Why is my OS after recovering from Acronis-image different from the OS before recovering (when it was the same)?

Posted on 2012-09-15
Last Modified: 2012-09-29
Why is my OS after recovering from Acronis-image different from the OS before recovering (when it was the same)?

To clarify: I had a certain configuration with installed software and settings yesterday on 14th September that worked very fine. The laptop was quick, internet quick, startup decent. I immediately made an Acronis-image of this.

During a few hours after that configuration, I installed too much software and begun to get trouble with too slow startup and slow OS. So I decided to recover to this perfect Acronis-image to get back this perfect OS I had a few hours ago.

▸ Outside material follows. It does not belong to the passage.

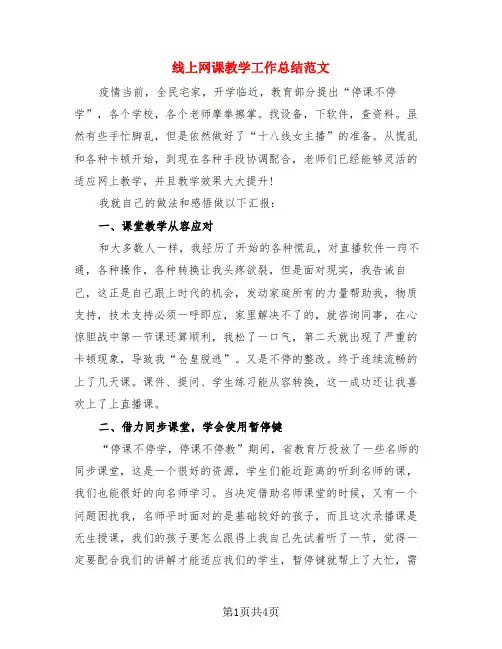 线上网课教学工作总结范文(3篇)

Took a while, but then I was greatly disappointed: I thought the OS would be exactly the same. Immediately upon bootup, I got a black screen for a long long time, and finally had to press the power-button to restart it. Even then extremely long bootup (without any external devices/hard drives attached), longest ever, until I finally got the Desktop displayed. Particularly the second part of bootup (after entering login credentials) took very long time.

I begun to get problems also here, after the whole system had started, with quite (not much) slow machine. After a while (maybe 10-15 minutes) however, the only difference to the perfect OS I had earlier was that the bootup is very slow (without any attached hard drives during bootup).

I wonder what the reason can be? Shouldn't the imaged OS be, and "behave", exactly the same as the perfect OS I had just before creating the image?

When I recovered, I remember I was given the option of selecting the partition with this perfect OS on (C:) PLUS another drive that was presented as something "subordinated" to C:

I'm not sure what this subordinated was, but didn't select it (only selected C:). Can this be the reason? Should I have selected this subordinated drive?

My OS is a Windows 7 Ultimate 64-bit. The imaging software I use is Acronis True Image Home 2012.
Question by:hermesalpha
    LVL 31

    Assisted Solution

    The short story is Acronis did NOT make a byte-for-byte perfect copy of the hard drive like you think it did.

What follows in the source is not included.